What you are asked to do: Print nothing but the lines below starting at the line that holds "4811 Lees Summit Road — photo 47" and ending at the line that holds "Muscular Guy Teases on Camera", including both, each exactly as written.

Start of Data under study

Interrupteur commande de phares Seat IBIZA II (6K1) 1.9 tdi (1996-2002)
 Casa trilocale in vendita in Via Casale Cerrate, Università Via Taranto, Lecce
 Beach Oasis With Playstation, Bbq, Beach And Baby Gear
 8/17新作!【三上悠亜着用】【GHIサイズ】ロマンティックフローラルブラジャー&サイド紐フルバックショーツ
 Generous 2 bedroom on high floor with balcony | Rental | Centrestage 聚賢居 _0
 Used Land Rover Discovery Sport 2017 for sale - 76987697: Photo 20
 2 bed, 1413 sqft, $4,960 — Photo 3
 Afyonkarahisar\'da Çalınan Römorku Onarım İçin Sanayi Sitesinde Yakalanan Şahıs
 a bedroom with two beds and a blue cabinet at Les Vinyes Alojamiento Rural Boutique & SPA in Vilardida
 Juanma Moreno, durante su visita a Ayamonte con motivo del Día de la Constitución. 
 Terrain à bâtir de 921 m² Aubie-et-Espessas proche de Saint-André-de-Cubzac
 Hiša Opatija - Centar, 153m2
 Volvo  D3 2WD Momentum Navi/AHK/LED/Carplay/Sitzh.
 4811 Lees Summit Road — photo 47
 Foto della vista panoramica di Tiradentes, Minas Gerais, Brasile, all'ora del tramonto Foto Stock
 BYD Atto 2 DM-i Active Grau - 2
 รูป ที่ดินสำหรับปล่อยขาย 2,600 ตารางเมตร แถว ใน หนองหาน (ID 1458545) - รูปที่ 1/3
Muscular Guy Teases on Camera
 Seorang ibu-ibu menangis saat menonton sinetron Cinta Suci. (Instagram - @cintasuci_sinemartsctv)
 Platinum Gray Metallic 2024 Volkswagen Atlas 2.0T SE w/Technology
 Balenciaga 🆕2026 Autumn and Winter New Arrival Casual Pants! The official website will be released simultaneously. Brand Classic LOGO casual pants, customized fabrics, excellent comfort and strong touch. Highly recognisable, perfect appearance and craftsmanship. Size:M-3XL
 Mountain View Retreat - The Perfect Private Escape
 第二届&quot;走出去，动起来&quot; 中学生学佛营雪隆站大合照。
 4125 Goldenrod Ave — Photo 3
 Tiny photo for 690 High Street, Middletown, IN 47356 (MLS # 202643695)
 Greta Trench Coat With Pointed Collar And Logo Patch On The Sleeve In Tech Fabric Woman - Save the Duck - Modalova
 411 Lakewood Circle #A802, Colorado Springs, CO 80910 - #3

End of Data under study

Task solution:
 4811 Lees Summit Road — photo 47
 Foto della vista panoramica di Tiradentes, Minas Gerais, Brasile, all'ora del tramonto Foto Stock
 BYD Atto 2 DM-i Active Grau - 2
 รูป ที่ดินสำหรับปล่อยขาย 2,600 ตารางเมตร แถว ใน หนองหาน (ID 1458545) - รูปที่ 1/3
Muscular Guy Teases on Camera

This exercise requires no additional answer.